Haliç için eski Turgut Özal’ın Belediye Başkanlarından Bedrettin Dalan zamanından beri çalışmalar yapılır. Sonunda bir başarı elde edilmiş olacak ki şimdiki Belediye Başkanı Ali Müfit Gürtuna Haliç sularında yüzmüş. Koli basili ölçümleri kabul edilebilecek düzeyin çok altında çıkmış. Ne kadar sevindirici.
Kadıköy’ün de eski Haliç’e benzeyen bir deresi var. Kurbağalı dere. Şimdi diyorum ki Sayın Ali Müfit Gürtuna’nın cesareti varsa –yüzsün demiyorum- ayaklarını Yoğurtçu Park taraflarında 10 saniye için suya soksun.
Bu dere çok ünlüdür. Bana mı öyle geliyor bilmiyorum ama son zamanlarda buradan yayılan koku dayanılmaz bir hal aldı. İğrenç. Fenerbahçe stadının karşısındaki köprüden yürüyerek geçerken nefesimi tutmaya çalışıyorum, tutamıyorum, o yüzden geçtikten sonra baygınlık geçiriyorum. Pis koku çevredeki evlerin yatak odalarına kadar giriyor. Köprünün yanındaki Yoğurtçu parkta kimse oturup dinlenemiyor. Sağlık için de son derece sakıncalı. Adı dere olan su yolu açık bir lağıma dönüşmüş durumda.
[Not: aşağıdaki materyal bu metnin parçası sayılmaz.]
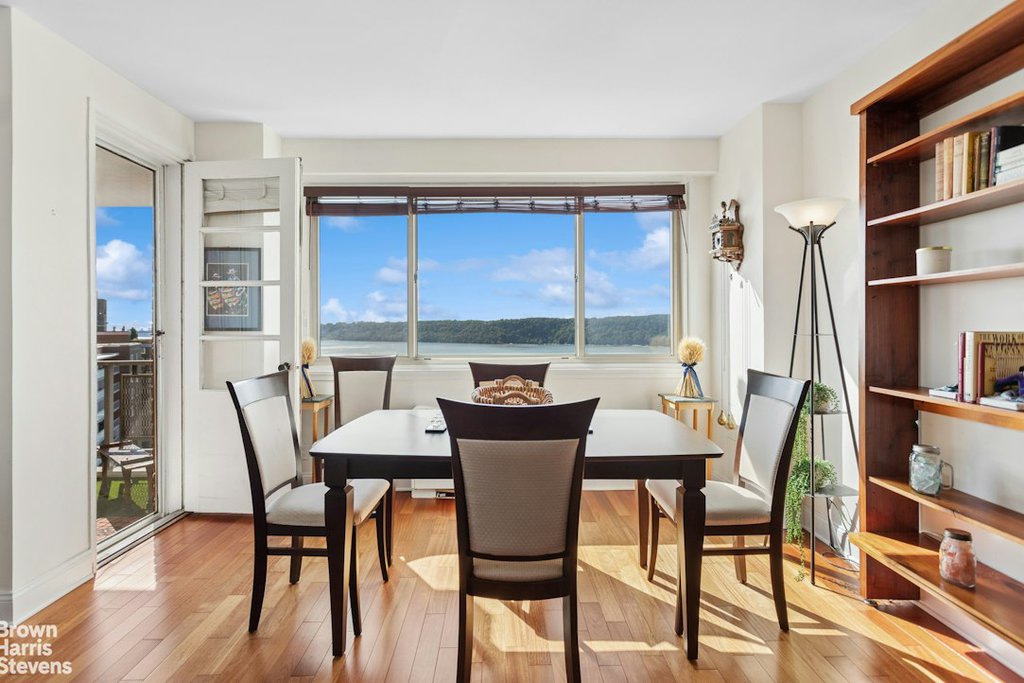 2621 Palisade avenue, Unit 14L photo 3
Bildiğim kadarıyla bu dere Kadıköy’e gelip Marmara Denizine kavuşana kadar başka iki belediye sınırlarından daha geçiyormuş. Diğer iki belediyede yaşayanların pis suları denizin ağzında birikiyor. Dereye kimse sahip çıkmıyor. Önceki belediyeler, dere son olarak Kadıköy’de, yani solcuların, gomonistlerin, dinsizlerin, gavurların, satanistlerin yaşadığı yerde bittiği için ne olduğuna hiç aldırmıyorlar. Kadıköy Belediyesi başlangıçtan önlem alınmadığı için bir başına bir şey yapamıyor. Burada iş Büyükşehir Belediyesine düşüyor. Aynı zamanda devlet yöneticilerine. Eğer İzmir’in girişinde duyulan koku da giderildiyse, Türkiye’de böyle rezalet durumda olan bir burası kaldı.
Hem yakışmıyor, hem rahatsız edici, hem sağlığa son derece zararlı. Yapılacak iş aslında son derece basit: Derenin başından itibaren boylu boyunda kanalizasyon hattı döşenecek. Böyle bir işlem lüks olmaktan çıkmış durumda. Yapılmasını beklemek yurttaşlık hakkımızdır.
“Yapacak gücümüz yok” demeyin, inanmam.